Web page caption snippets
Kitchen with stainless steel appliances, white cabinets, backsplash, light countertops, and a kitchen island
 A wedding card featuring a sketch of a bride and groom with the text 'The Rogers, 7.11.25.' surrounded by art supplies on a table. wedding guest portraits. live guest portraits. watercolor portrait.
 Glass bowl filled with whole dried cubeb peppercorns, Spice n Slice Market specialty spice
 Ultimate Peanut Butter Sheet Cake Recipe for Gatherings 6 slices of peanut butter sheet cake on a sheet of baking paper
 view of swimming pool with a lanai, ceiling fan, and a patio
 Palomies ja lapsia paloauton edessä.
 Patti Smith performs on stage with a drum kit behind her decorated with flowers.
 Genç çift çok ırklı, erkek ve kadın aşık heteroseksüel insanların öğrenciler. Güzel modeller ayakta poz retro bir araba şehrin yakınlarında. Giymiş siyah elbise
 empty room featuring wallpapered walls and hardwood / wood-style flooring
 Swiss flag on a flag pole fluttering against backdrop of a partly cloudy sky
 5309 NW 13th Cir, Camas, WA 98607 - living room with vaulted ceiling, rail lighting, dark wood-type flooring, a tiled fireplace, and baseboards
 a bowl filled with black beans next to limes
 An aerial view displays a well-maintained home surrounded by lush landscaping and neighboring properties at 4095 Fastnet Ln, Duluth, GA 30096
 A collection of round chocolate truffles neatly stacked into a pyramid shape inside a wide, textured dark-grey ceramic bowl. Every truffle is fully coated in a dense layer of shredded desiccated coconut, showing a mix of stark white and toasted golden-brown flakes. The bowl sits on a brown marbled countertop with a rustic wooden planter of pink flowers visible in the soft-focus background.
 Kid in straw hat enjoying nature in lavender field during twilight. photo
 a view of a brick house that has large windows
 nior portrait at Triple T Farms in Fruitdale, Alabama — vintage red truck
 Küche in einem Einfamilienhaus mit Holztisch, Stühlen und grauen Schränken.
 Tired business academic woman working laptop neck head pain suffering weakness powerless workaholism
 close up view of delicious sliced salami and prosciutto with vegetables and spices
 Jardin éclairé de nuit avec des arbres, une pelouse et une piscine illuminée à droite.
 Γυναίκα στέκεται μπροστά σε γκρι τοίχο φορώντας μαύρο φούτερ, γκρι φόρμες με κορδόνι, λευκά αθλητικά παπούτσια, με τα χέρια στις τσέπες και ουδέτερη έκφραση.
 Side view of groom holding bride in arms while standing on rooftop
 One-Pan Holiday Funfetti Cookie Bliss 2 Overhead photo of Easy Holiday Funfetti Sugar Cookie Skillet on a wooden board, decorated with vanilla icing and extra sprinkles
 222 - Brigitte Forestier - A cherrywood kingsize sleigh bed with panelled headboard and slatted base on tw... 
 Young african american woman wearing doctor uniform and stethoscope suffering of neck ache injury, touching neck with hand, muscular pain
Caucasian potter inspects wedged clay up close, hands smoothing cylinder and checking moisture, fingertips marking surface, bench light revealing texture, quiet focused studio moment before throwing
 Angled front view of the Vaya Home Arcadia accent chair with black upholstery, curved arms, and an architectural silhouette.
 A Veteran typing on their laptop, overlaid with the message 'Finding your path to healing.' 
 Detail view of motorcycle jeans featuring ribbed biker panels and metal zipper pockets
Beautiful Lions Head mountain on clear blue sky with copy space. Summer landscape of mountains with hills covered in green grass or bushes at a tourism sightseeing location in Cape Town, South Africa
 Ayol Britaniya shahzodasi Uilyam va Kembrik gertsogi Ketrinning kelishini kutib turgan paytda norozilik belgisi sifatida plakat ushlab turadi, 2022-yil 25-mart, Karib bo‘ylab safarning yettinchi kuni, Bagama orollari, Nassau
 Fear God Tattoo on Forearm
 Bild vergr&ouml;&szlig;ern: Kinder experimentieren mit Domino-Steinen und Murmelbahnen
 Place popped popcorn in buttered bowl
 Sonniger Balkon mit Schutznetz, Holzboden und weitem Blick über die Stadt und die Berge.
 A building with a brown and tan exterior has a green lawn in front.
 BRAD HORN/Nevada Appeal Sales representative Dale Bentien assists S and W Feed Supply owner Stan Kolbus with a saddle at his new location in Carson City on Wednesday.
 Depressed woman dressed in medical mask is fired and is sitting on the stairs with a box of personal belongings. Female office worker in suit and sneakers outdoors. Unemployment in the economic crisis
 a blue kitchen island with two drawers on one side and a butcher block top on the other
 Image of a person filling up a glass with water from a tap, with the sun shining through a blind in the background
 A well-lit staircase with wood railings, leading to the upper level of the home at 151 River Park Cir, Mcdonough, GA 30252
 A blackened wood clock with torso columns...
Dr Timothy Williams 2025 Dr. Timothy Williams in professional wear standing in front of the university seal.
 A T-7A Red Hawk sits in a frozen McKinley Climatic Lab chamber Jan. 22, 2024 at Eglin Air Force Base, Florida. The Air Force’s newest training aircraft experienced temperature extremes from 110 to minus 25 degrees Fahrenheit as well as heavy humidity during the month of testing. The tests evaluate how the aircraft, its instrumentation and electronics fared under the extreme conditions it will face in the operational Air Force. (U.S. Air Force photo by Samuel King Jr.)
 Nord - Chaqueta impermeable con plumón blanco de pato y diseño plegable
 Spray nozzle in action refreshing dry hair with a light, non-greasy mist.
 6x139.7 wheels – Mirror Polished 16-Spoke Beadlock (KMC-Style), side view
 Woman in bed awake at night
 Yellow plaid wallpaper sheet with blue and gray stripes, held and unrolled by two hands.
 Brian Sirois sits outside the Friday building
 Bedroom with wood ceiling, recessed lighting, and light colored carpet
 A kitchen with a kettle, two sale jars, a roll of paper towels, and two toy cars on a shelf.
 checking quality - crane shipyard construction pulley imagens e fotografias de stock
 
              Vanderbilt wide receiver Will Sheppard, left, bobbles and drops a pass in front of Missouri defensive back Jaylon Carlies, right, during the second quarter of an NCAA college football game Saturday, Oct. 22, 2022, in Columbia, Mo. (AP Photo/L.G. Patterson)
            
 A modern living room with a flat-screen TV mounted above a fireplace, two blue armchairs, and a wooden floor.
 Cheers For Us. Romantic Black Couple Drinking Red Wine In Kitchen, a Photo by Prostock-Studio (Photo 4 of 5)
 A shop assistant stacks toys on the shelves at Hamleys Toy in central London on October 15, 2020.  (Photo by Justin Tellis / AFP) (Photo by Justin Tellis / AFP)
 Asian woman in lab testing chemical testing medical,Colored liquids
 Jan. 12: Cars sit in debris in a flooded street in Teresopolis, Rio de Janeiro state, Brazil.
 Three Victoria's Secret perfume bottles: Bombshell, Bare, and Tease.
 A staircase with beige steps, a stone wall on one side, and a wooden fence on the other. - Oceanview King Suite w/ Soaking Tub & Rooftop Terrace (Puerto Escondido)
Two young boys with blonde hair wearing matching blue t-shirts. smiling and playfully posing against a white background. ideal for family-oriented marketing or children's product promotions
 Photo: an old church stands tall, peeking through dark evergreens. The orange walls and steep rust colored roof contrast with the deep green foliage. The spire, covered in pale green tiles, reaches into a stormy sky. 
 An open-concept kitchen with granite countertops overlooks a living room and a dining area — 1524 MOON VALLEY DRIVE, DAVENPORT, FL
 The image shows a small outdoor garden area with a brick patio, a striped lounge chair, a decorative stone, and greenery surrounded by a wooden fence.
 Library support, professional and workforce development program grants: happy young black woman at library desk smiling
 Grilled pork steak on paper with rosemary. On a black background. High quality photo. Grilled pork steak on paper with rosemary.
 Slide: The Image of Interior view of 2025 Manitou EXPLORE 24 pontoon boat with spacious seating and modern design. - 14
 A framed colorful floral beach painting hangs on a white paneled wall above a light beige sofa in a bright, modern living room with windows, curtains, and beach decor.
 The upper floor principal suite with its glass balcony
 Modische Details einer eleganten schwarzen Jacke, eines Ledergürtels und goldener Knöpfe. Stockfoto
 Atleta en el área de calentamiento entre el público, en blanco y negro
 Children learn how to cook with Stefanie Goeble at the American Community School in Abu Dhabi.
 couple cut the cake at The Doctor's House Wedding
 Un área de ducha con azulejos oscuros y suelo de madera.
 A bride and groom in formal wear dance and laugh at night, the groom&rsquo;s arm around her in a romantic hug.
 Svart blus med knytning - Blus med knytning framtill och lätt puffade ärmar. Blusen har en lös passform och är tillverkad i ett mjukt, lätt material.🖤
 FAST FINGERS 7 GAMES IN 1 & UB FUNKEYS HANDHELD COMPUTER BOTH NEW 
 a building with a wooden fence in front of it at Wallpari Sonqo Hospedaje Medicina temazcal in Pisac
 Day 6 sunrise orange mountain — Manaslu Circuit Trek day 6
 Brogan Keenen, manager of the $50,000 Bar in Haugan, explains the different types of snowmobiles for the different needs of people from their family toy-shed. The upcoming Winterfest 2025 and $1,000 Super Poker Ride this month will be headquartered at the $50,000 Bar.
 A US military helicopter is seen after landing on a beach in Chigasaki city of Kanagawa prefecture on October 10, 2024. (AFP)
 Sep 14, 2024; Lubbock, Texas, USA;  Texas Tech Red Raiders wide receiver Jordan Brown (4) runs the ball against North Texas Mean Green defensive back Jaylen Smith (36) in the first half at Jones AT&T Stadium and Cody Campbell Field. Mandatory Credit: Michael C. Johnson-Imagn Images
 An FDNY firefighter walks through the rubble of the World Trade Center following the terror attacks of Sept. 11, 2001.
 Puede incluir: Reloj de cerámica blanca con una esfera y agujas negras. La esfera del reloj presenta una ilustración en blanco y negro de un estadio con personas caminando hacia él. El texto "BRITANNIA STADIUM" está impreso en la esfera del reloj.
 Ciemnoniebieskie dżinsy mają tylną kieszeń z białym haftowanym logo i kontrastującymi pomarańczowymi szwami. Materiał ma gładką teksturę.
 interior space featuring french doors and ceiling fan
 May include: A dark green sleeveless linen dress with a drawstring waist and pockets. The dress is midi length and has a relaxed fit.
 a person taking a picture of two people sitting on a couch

### WHAT IS BEING ASKED
Your task is to quote, without any alteration, the lines running from the top of the records to the line that holds "A wedding card", both included.

### SOLUTION TO THIS PROBLEM
Kitchen with stainless steel appliances, white cabinets, backsplash, light countertops, and a kitchen island
 A wedding card featuring a sketch of a bride and groom with the text 'The Rogers, 7.11.25.' surrounded by art supplies on a table. wedding guest portraits. live guest portraits. watercolor portrait.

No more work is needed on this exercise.